What you should do:
Of all the lines below, return only those starting with the line holding "May include: A paper" and going on through the line holding "Reddish-brown stone tower", exactly as written.

==== Data listing

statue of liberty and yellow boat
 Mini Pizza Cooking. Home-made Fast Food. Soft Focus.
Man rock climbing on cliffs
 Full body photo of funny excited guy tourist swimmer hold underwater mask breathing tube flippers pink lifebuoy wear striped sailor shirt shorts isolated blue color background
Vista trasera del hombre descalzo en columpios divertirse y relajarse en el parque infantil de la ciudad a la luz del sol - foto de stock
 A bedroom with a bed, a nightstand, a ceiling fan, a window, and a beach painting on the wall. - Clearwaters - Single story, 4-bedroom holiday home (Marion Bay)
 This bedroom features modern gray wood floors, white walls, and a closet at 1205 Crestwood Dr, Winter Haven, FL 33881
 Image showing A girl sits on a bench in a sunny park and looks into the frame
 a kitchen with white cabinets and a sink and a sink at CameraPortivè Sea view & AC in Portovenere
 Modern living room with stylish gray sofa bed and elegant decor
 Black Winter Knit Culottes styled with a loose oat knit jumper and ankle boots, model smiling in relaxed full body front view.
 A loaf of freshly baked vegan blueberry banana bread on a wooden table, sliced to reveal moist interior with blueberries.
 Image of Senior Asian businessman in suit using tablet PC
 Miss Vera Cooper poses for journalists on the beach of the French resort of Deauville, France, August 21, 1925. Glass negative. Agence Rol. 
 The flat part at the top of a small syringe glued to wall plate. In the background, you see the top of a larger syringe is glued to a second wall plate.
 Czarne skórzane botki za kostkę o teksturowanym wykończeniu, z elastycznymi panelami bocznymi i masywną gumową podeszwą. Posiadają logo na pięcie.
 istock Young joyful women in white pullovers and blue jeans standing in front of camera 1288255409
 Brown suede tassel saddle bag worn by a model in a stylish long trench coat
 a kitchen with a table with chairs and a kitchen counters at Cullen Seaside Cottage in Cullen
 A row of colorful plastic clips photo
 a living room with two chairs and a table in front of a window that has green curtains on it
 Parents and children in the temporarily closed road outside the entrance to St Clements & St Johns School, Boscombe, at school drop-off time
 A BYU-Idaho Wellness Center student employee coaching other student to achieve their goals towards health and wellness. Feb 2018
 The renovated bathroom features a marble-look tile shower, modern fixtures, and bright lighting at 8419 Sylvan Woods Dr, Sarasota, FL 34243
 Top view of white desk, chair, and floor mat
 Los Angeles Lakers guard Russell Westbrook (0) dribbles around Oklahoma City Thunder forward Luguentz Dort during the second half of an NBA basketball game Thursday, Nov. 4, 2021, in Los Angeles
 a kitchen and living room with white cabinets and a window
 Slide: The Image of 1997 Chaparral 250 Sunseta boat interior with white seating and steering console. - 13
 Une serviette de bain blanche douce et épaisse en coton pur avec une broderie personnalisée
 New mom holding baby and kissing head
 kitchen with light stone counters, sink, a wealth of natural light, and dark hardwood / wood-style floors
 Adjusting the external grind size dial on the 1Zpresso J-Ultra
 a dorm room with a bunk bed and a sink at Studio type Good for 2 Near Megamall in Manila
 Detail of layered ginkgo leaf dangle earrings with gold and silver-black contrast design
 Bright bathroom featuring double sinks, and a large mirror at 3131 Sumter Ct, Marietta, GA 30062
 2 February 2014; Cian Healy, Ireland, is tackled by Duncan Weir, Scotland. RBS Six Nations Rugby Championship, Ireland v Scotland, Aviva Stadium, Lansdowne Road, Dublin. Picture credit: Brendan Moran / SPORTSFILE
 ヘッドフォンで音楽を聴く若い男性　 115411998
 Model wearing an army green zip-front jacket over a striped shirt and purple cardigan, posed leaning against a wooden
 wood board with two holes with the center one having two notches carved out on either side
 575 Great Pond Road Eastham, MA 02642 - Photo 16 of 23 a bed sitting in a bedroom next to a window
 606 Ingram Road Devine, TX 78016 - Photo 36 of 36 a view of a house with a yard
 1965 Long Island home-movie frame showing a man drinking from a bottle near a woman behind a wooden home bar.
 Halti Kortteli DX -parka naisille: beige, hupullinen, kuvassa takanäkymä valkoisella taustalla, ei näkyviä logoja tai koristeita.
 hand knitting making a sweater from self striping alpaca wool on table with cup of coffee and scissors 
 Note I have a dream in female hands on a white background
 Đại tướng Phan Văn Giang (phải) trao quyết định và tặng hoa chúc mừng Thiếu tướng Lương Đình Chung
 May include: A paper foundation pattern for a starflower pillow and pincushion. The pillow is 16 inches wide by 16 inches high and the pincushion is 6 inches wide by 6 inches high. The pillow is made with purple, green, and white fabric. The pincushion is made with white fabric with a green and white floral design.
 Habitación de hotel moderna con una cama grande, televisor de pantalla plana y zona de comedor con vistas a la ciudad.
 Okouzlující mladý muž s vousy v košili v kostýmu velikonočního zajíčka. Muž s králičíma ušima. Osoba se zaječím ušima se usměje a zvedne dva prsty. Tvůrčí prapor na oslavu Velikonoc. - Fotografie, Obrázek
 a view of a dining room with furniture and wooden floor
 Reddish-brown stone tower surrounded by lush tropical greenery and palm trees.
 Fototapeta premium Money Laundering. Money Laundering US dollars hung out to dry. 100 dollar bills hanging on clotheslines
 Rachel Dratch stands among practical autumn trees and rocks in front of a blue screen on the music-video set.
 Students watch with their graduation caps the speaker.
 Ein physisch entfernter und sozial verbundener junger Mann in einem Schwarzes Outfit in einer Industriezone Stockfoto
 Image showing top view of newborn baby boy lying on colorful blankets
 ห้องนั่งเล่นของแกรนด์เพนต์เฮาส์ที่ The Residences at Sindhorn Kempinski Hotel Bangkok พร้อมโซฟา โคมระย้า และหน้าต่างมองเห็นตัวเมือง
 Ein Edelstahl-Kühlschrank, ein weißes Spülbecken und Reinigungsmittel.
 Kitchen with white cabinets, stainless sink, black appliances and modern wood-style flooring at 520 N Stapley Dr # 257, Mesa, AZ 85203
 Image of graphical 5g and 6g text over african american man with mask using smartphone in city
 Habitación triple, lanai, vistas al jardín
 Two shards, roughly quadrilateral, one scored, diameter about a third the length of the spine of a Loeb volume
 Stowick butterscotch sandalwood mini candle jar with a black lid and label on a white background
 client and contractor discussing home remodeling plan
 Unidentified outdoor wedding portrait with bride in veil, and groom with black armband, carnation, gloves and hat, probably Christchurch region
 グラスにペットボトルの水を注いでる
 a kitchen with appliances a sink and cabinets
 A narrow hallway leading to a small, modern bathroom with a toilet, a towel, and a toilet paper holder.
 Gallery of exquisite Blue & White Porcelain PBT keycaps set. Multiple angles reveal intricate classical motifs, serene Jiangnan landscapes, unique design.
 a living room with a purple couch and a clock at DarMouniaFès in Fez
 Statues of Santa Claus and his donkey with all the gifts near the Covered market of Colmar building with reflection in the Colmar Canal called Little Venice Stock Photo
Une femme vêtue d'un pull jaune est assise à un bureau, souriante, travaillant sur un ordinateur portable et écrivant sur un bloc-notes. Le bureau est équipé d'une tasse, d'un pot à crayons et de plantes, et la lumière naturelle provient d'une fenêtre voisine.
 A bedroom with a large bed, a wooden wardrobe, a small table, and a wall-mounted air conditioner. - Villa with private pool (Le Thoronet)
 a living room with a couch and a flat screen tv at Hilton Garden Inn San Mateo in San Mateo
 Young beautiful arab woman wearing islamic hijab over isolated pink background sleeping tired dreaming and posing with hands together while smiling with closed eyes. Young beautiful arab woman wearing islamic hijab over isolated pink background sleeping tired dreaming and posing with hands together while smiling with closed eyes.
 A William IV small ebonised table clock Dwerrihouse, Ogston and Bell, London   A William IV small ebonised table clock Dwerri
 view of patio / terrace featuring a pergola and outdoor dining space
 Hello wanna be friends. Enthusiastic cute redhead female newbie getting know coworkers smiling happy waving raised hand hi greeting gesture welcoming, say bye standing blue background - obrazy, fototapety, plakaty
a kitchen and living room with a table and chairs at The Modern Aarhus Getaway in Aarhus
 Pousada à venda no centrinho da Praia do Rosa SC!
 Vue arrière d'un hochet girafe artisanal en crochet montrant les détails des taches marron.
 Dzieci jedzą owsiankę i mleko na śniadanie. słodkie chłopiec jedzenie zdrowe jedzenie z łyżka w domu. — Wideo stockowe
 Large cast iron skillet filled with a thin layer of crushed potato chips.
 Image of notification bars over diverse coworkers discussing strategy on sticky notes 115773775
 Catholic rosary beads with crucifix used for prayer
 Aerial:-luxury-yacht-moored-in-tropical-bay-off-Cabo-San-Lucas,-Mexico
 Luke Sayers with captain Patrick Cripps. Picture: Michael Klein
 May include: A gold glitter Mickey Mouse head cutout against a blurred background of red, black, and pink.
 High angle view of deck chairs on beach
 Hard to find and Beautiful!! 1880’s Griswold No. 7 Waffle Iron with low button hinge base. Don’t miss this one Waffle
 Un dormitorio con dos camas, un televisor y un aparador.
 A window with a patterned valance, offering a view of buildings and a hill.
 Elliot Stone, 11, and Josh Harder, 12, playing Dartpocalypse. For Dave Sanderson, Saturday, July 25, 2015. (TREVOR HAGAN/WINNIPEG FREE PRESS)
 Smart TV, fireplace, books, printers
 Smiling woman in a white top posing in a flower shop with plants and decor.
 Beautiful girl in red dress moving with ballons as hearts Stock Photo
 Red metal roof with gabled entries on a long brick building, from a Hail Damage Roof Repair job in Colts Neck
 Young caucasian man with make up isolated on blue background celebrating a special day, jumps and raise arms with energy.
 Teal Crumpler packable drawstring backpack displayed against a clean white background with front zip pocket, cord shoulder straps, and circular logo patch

========

Finished exercise:
 May include: A paper foundation pattern for a starflower pillow and pincushion. The pillow is 16 inches wide by 16 inches high and the pincushion is 6 inches wide by 6 inches high. The pillow is made with purple, green, and white fabric. The pincushion is made with white fabric with a green and white floral design.
 Habitación de hotel moderna con una cama grande, televisor de pantalla plana y zona de comedor con vistas a la ciudad.
 Okouzlující mladý muž s vousy v košili v kostýmu velikonočního zajíčka. Muž s králičíma ušima. Osoba se zaječím ušima se usměje a zvedne dva prsty. Tvůrčí prapor na oslavu Velikonoc. - Fotografie, Obrázek
 a view of a dining room with furniture and wooden floor
 Reddish-brown stone tower surrounded by lush tropical greenery and palm trees.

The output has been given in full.